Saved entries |
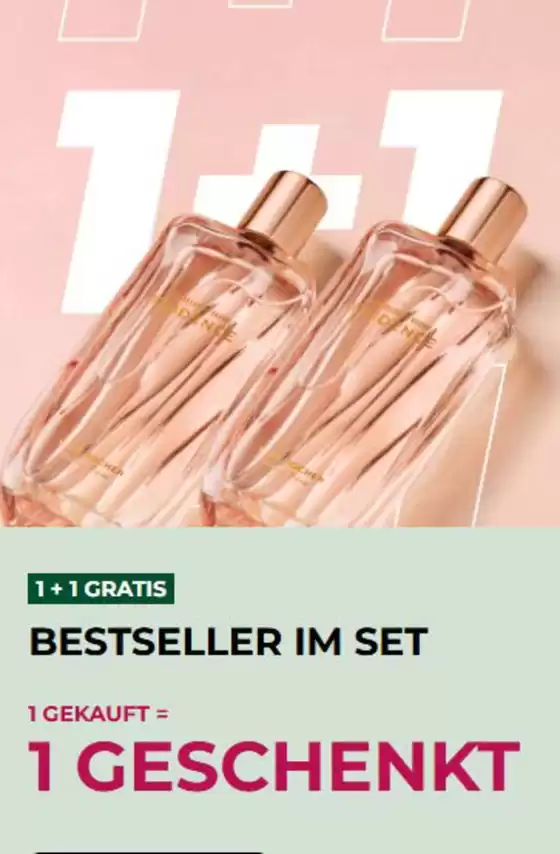 Yves Rocher Katalog in Sandau (Elbe) | Bestseller Im Set | 2026-05-20T00:00:00.000Z - 2026-05-30T00:00:00.000Z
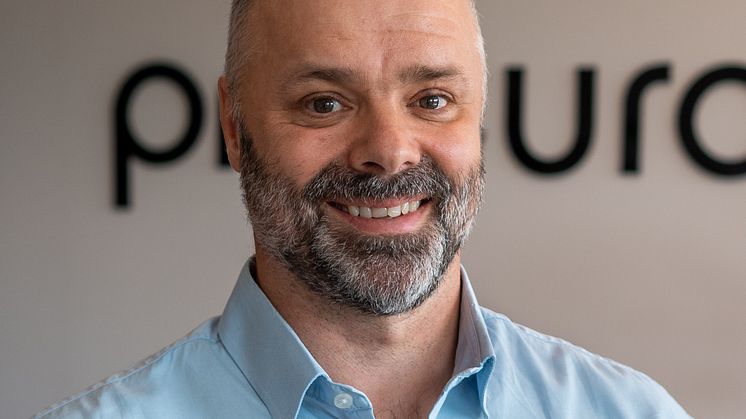 Magnus Björnström - CEO - Procurator-3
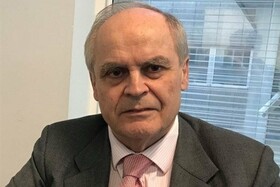 یک دیپلمات سابق انگلیس: آمریکا از قطعنامه 2231 تخطی کرده است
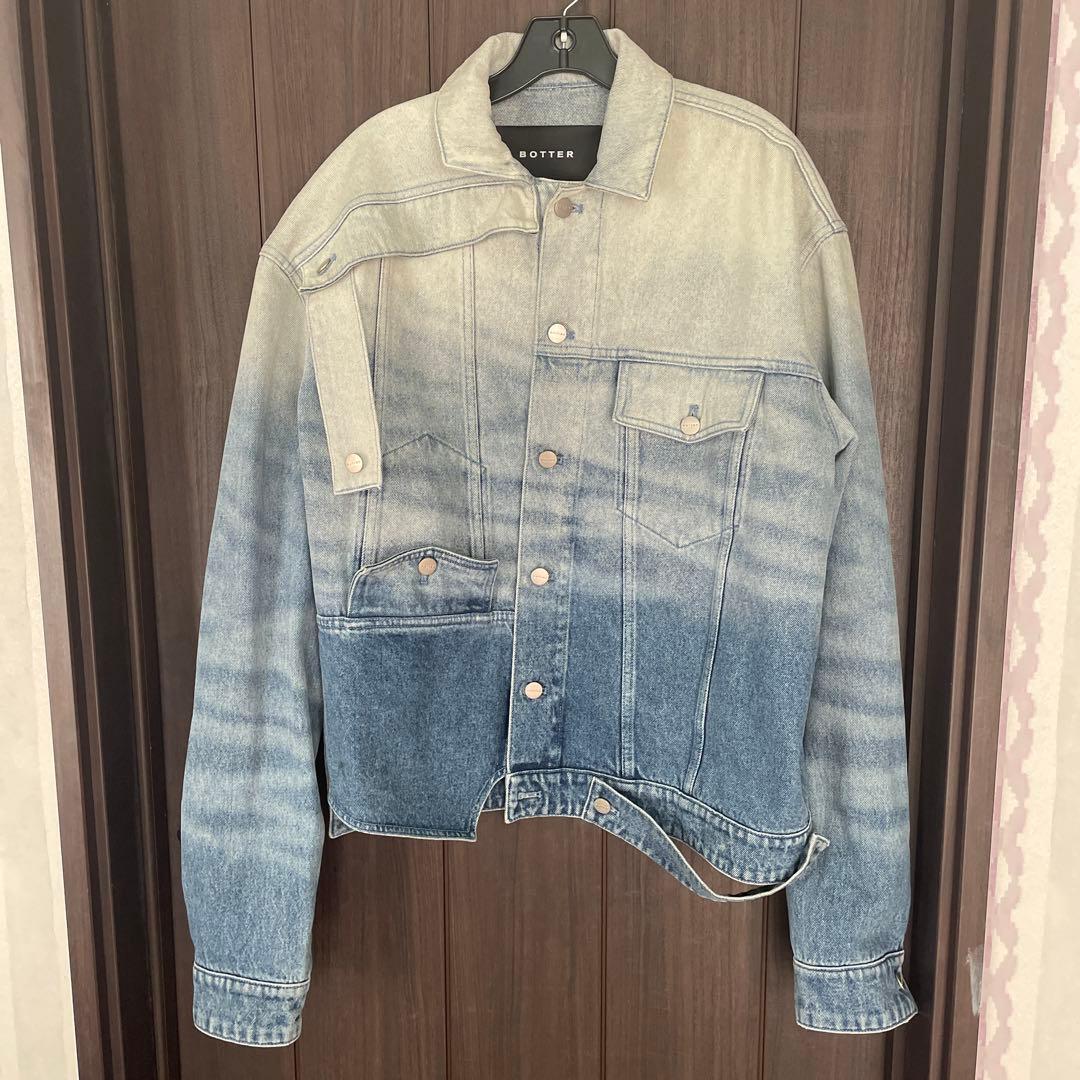 BOTTER/デニムジャケット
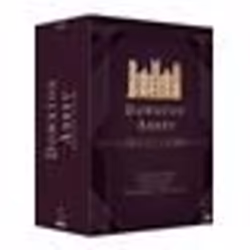 Dvd serie tv Universal Downton Abbey LIntégrale des Saisons 1 à 6 / 2 Films DVD
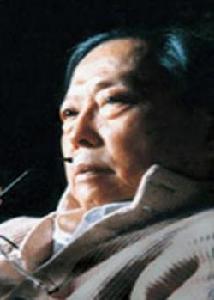 《靈魂的石頭——曹禺和他的劇中人》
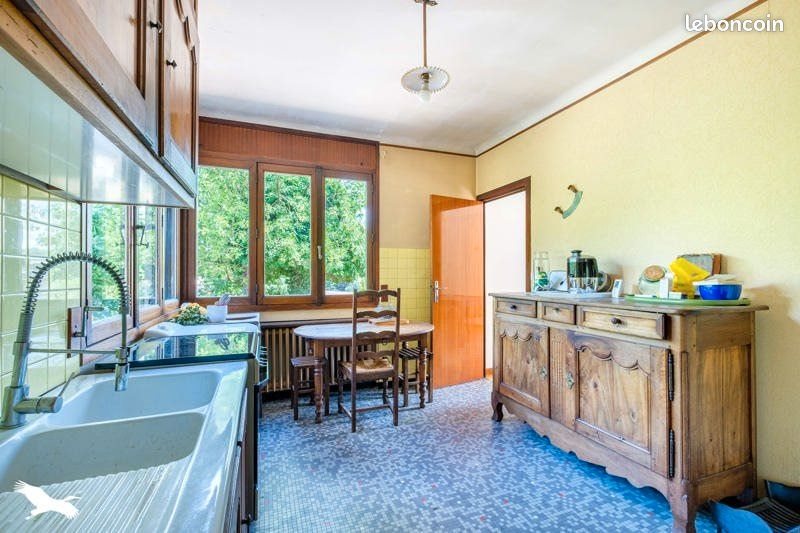 Maison à vendre, 114m², Oullins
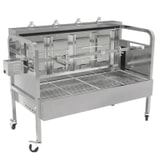 UG Grill
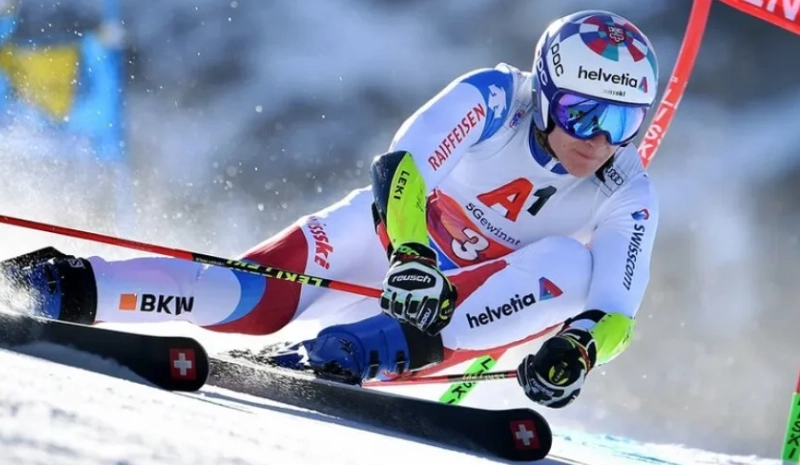 skiing for beginners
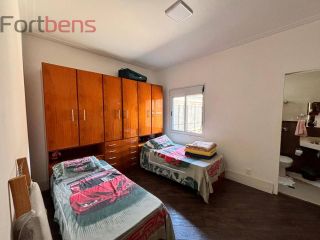 Casa de Condomínio Para Vender com 4 quartos 4 suítes no bairro Alpes de Caieiras em Caieiras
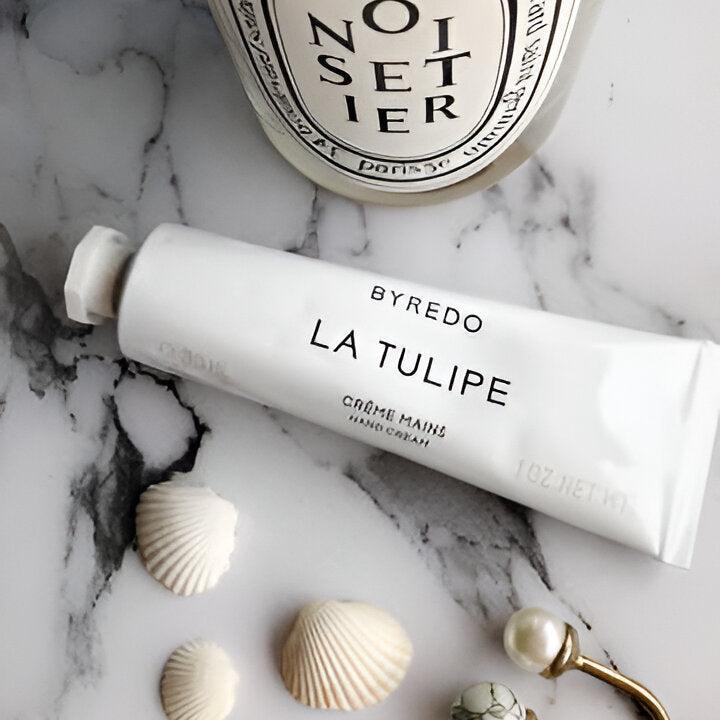 Byredo La Tulipe Hand Cream 30ml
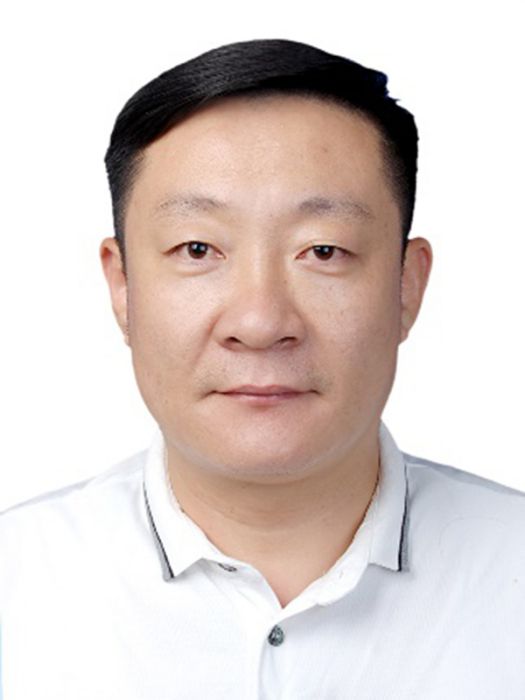 楊強(北京市第十六屆人民代表大會代表)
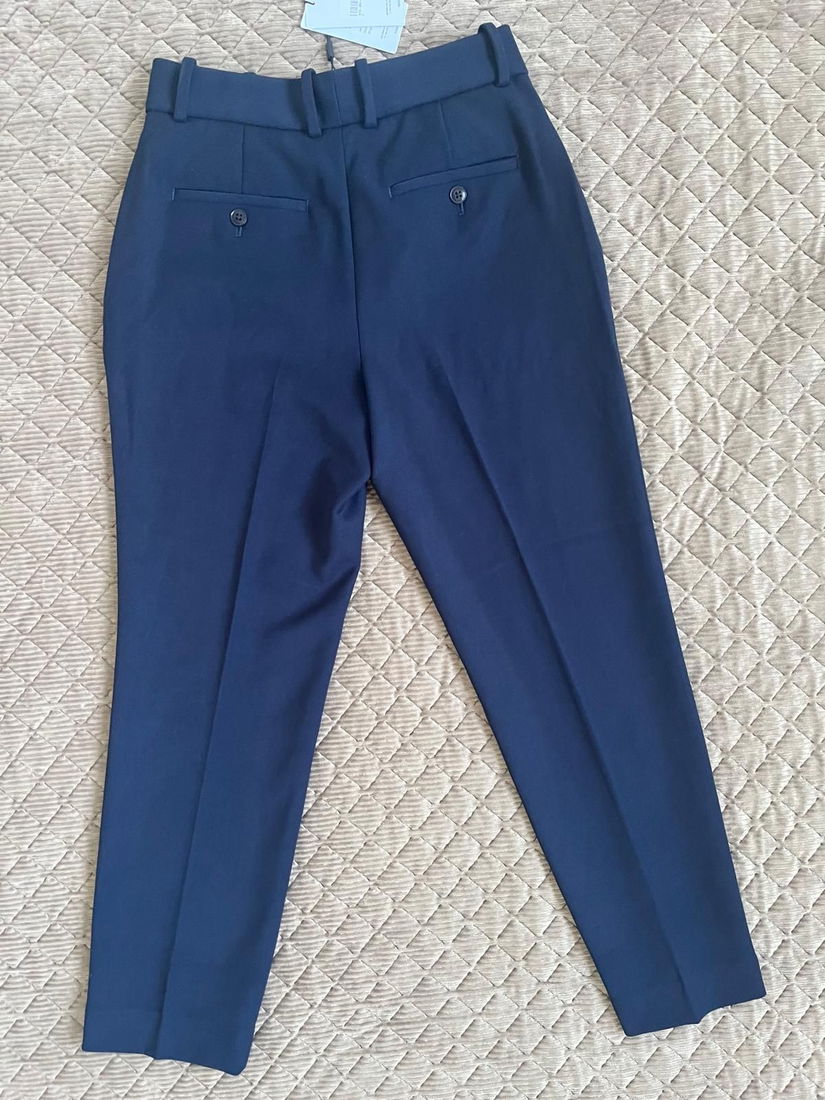 Pantaloni eleganți Reiss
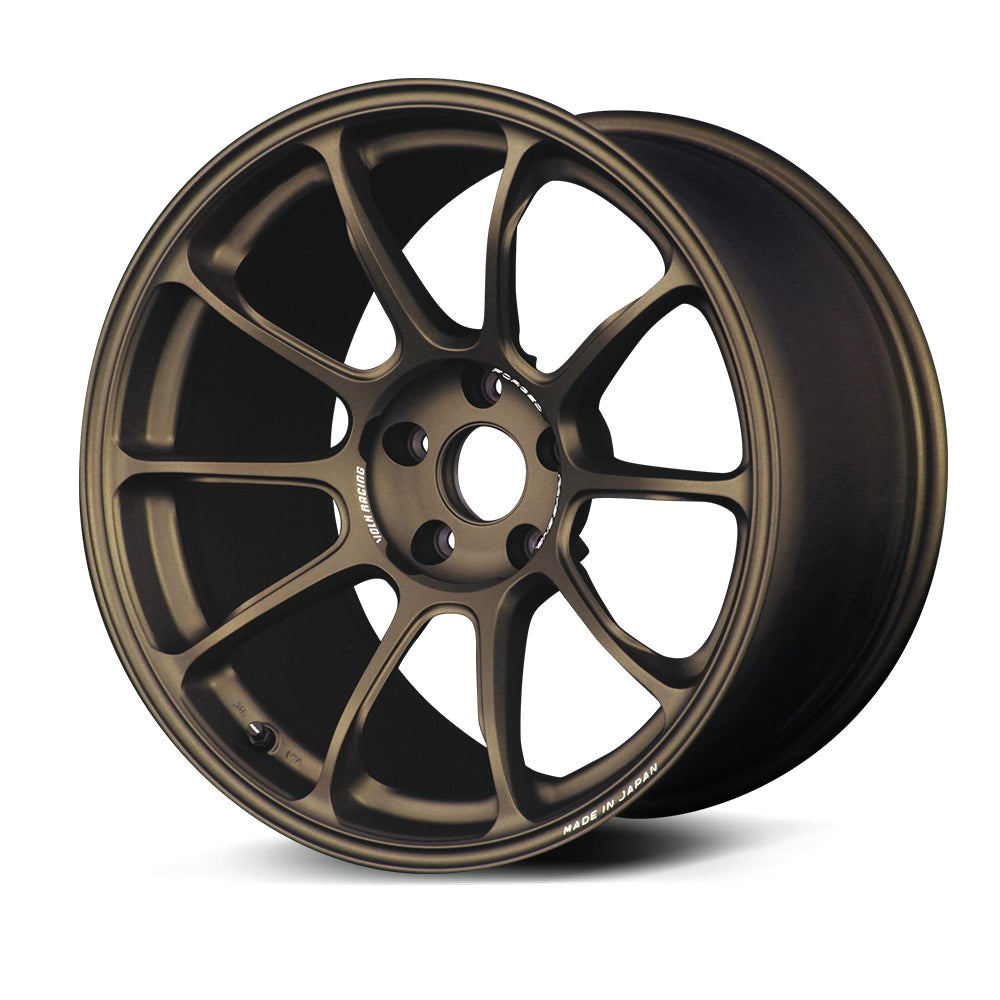 RAYS Volk Racing ZE40 Wheel – J-SPEC PERFORMANCE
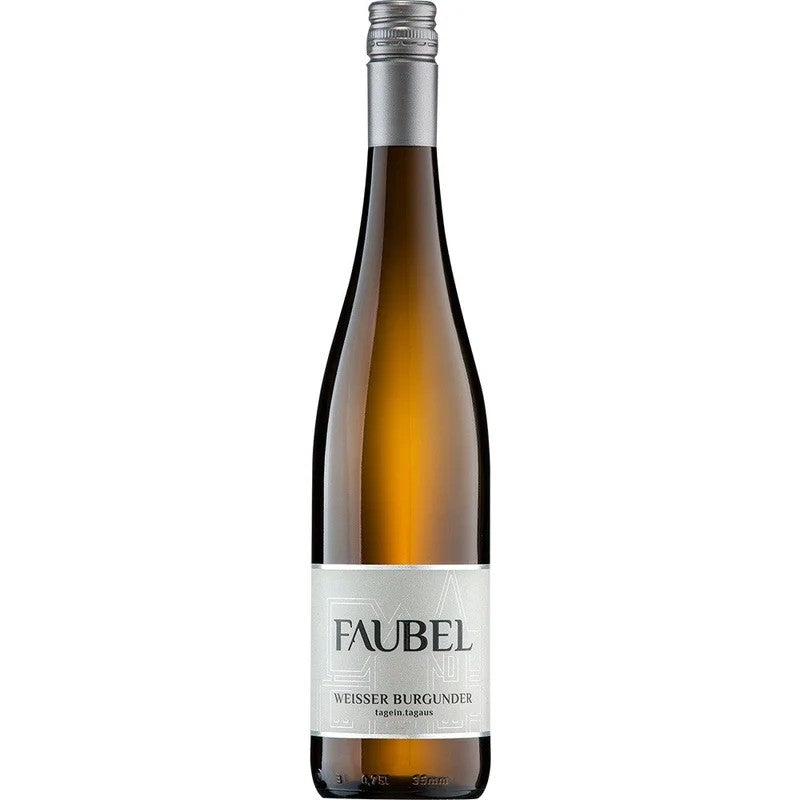 Faubel2024WeisserBurgundertagein.tagaustrocken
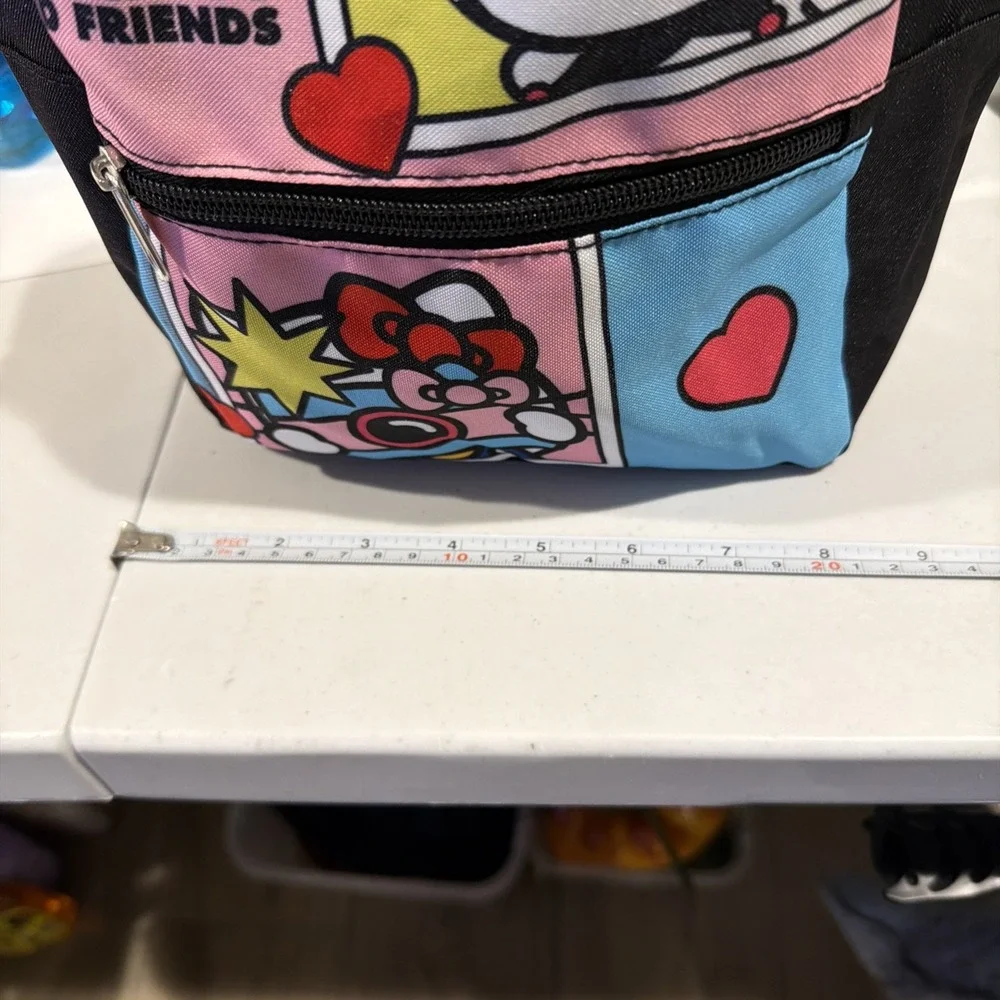 Sanrio hello kitty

ASSIGNMENT | Take the line containing "Casa de Condomínio" as the first and the last line of the records as the end. Print every line in that span exactly, leaving out pictures.

RESPONSE |
 Casa de Condomínio Para Vender com 4 quartos 4 suítes no bairro Alpes de Caieiras em Caieiras
 Byredo La Tulipe Hand Cream 30ml
 楊強(北京市第十六屆人民代表大會代表)
 Pantaloni eleganți Reiss
 RAYS Volk Racing ZE40 Wheel – J-SPEC PERFORMANCE
 Faubel2024WeisserBurgundertagein.tagaustrocken
 Sanrio hello kitty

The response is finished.